One of our Castle ventures projects is House Account, which is targeting the very-small-to-medium business (VSMB) segment, providing a sales and marketing platform to independent boutique retailers. House Account has thousands of prospective customers around the world. However, can the price point of House Account's solution support the sales and distribution model necessary to reach these customers?
You should think about the budget your target customer will pay for your service; for House Account, it is around $100-$200 per month or $1,200 to $2,400 per year. For our old company Elogex, it was $20,000 to $100,000 per month. Each solution and price point comes with a customer acquisition cost (CAC), and the balance of your CAC relative to your customer lifetime value (LTV) determines if you can scale the business.

At Elogex, we needed high paid sales people to work long sales cycles. This model worked because our sales team sold big deals with high LTV. However, if you have an expensive sales team working long sales cycles for small deals, you will have challenges. If your price point and customer budgets are small, you need to make sure you can use digital marketing, inbound, and/or distribution partners for selling your product.

So when thinking about your target market, make sure your price point and customer budgets matches up with how you can reach that customer.
Can your target market be a low churn environment?
Growth is never easy. However, it is harder when you have to replace churning customers (the "leaky bucket" issue). The ideal target market has a low propensity for churn.
Churn is not just a function of target market as it is largely driven by the value proposition of your solution and the degree of pain associated with the problem you are solving. However, your target market can certainly influence attrition.

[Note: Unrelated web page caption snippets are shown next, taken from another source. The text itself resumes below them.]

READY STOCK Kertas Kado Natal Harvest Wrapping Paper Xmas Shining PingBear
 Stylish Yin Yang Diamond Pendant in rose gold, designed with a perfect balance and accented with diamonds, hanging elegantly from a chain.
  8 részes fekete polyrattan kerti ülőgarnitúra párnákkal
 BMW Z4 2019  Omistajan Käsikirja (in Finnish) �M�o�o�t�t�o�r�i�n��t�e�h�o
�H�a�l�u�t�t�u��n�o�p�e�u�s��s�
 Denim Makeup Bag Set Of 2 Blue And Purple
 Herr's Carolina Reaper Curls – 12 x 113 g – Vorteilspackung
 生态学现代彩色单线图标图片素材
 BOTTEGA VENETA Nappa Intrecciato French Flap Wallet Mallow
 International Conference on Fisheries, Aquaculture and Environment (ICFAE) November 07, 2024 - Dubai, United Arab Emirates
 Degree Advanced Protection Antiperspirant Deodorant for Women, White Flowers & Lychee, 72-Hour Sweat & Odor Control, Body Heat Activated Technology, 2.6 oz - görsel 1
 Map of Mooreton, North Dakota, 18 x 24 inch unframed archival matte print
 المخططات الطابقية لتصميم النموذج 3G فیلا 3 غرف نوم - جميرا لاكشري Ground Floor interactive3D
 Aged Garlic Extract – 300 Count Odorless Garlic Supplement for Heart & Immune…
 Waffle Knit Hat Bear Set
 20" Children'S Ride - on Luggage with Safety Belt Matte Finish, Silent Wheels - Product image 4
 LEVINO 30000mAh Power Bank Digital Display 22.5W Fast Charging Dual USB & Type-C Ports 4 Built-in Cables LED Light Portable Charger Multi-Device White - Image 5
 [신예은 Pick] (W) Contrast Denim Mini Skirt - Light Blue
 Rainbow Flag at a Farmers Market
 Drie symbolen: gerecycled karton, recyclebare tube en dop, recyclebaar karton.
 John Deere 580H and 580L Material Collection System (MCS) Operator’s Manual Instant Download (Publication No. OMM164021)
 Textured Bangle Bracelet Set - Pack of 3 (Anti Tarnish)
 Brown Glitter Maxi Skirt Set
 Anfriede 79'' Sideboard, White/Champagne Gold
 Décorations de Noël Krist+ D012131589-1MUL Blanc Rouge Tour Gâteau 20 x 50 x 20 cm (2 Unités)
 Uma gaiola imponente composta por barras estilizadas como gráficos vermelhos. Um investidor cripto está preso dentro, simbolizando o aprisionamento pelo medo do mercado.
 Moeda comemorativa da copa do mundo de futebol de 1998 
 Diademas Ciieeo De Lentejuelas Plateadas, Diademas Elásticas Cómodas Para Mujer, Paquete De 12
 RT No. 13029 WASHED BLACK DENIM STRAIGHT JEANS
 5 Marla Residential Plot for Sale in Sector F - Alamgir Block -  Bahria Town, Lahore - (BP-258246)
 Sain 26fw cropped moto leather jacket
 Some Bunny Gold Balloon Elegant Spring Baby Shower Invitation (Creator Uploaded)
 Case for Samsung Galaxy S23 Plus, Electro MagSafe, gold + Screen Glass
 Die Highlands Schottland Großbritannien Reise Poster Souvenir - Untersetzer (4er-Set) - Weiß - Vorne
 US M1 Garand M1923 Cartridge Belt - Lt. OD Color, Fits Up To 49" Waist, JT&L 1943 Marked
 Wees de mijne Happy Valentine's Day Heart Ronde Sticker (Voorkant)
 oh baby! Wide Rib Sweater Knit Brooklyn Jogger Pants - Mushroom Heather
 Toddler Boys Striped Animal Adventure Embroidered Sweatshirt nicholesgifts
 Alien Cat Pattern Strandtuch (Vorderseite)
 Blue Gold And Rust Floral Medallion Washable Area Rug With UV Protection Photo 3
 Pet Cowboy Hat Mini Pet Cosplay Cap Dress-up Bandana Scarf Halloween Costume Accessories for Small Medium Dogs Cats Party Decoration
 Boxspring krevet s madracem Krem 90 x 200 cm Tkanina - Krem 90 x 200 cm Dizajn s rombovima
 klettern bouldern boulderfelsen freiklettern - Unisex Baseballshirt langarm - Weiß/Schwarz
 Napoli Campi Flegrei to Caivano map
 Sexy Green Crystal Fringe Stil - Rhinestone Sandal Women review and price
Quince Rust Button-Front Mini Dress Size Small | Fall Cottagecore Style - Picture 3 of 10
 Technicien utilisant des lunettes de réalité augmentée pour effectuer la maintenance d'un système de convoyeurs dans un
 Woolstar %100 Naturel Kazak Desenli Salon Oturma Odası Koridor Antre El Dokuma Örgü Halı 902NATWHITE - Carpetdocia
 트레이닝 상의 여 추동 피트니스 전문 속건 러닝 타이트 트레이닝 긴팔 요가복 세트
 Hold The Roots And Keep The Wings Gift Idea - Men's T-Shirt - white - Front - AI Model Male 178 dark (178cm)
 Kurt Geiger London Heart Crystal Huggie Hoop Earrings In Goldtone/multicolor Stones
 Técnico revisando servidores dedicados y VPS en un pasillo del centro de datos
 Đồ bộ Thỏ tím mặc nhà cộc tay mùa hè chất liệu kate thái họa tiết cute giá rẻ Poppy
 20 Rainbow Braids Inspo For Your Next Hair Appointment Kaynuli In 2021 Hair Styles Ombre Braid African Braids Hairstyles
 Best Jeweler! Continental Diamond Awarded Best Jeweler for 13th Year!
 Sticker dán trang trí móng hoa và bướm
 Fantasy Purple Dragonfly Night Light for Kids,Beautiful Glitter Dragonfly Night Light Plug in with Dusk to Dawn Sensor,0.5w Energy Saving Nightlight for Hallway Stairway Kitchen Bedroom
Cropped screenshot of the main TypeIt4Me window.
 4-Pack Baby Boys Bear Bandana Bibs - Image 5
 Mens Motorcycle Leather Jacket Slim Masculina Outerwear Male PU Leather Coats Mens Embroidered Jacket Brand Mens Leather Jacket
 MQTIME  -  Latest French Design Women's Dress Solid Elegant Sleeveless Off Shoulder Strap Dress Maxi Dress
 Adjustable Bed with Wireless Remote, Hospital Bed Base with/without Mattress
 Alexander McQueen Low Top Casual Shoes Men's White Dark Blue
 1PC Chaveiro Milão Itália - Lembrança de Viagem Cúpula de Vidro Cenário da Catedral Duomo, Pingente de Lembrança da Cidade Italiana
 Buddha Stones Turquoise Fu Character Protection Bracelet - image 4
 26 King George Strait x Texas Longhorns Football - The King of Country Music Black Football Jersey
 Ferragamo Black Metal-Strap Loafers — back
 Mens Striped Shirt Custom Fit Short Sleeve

Generally, the smaller the customer is, the higher the risk of churn. If you are targeting the enterprise customer, then you have a reasonable chance of low churn if you have a solid product. As you go down-market in customer size, the churn rate is likely to increase regardless of the quality of your offering. Targeting the SMB and the VSMB markets can be challenging for this reason - so it is critical that your value proposition be rock solid to mitigate this risk. Targeting individual consumers has the highest risk of churn, and here your value proposition has to be outstanding if you assume to generate recurring income from individuals.

At Elogex (now One Network), there are accounts that use the product after 13 years. At House Account, reducing churn is the top priority for 2015. Understanding churn risk relative to your market will not only help with your target market evaluation but also with your product feature strategy as well as your pricing model. With your product feature strategy, you could prioritize anti-churn value, for example. In terms of pricing model, in a high-churn target market you could consider free pricing until you prove product market fit is reached.
Will you enjoy working in this market for many years?
One thing that is easy to miss in all the discussions about startups and online advice is the personal factors you should consider. One of my favorite topics to share with entrepreneurs is that you shouldn't forget that your startup is not just about the great company you seek to build and the positive change you want to bring to the world. It is also about you and your family.

You are going to take much more career risk than your neighbors. You are going to always be working. Your stress level will be high, and you will have emotional peaks and valleys.

So it is critical that you pick a target market in which you will enjoy being completely immersed for years. If you love your business, you will have a higher probability of success.